The last time I touched code is some time in April of 2009. At that time, I accepted the new role as Project Manager for Maya and Mudbox (2 GREAT 3D applications from Alias/Autodesk). The condition was that I had to close all the work at my plate at that point. My previous role was Software Developer (C++) and what I was developing the anti-piracy module that was linked with applications and made sure that nobody was running the software without proper license. At least made it hard to do so, because,we all know that in real world, anything can be hacked.
Since then, I have tried to clean up the shelves on my brain and make room for Project Management stuff, Scrum Master stuff, Agile/Scrum/Lean stuff. I have to admit that Lean is the new Love of my professional life right now. But then, at some point, when the discussion comes on how to improve the development and delivery, I find myself still connected with my first professional love, development.
I am very lucky to have worked at Alias/AliasWavefront for 11 years. When I started there, I was pretty green into development thinking and practices. And then I found myself in the middle of a very smart, mature, passionate and intelligent group of developers and network administrators. All I had to do is listen, notice and LEARN from their experience and maturity. That is where I have seen how a good team of developers is setup, works and delivers. Discussions were constructive, new ideas and experiences shared and welcomed, a very healthy competition between developers and a very helpful Infrastructure team that supported new ideas and positive improvements.
That is a picture that I want to take with me and bring it everywhere I work. That is the kind of environment I want to see everywhere where there are developers and network people working together. So when the transformation hit this need, I volunteered to be part of this project, Tooling strategy. I have to admit that getting back into development mode after so long, it is scary. But my daring and challenging nature always pushes me toward scary areas. so I can prove myself to myself more than to others.

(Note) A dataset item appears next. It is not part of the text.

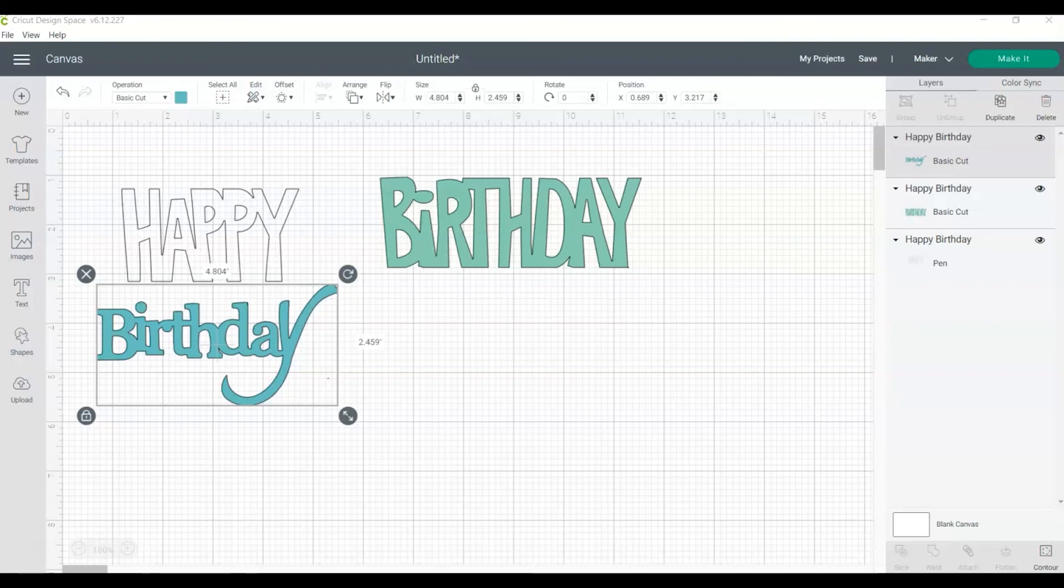If you have any questions about how to use the contour tool, please leave them in the comments. Check back and subscribe to my channel for more Cricut Design Space Basics tutorials each week.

In 4 days, I was able to setup my machine with the right environment, install Java 5 times, started/stopped Glassfish server 10 times, started/stopped MySQL server 6 times, ran ANT n times, deployed to Glassfish n-10 times, installed Jenkins 2 times, started/stopped Jenkins 5 times, ran Jenkins Build job 42 times, ran Jenkins deploy job 8 times. At the end, I had a basic example of Petcatalog, all up and running, automated build and deployment build all set.

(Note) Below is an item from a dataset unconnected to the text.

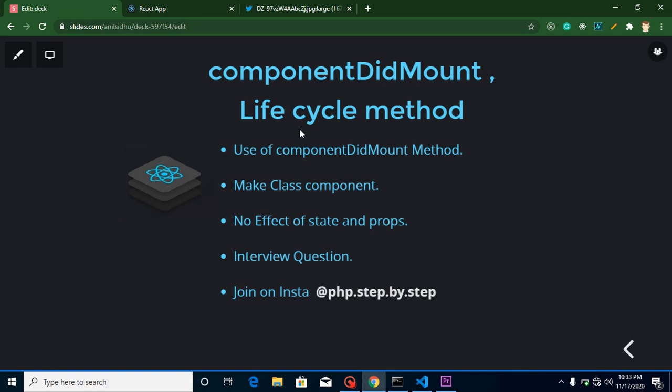Hi everyone, welcome back to my channel. My name is Anil and in this React.js video tutorial we will learn about componentDidMount lifecycle method. If you are preparing for an interview, this lifecycle method is very important because there are lots of questions on componentDidMount for interviews, like why we use componentDidMount, will it be called before render or after render, what is the difference between componentDidMount and componentDidUpdate.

It was 1:30 am when the deployment script ran successfully and a sunny icon showed up beside the Jenkins job. WHAT A FEELING!! Really proud of myself for a while.
And then, the next step is to move this to Maven. and then will be the addition of linking with WebSphere. And then... a lot to come.

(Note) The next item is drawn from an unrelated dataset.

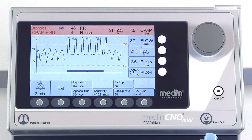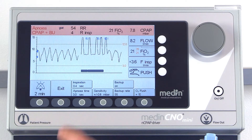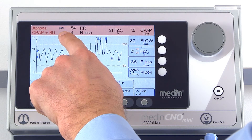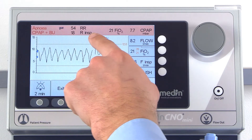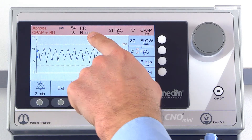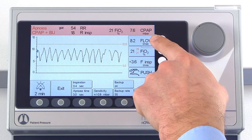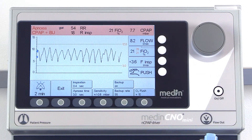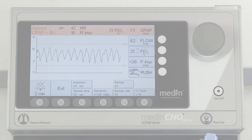The display also provides information about battery status, respiratory rate, and NCPAP pressure.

Looking back in retrospective, everything I have done in my life, is gluing together in the Coach role. Development is helping me to help developers, teaching is helping me explain things in a simple way, Program Management and Scrum Master-ing are helping me to translate Agile to traditional PMs, my personal interest in psychology is helping me model the way I talk with people and my personal experience as a mother helps me forgive everyone frustrated with the transformation process.
I feel that merging all these together will be the key of my role. I just have to get very good at it. Lots of road ahead of me, and it is NOT on a dark tunnel!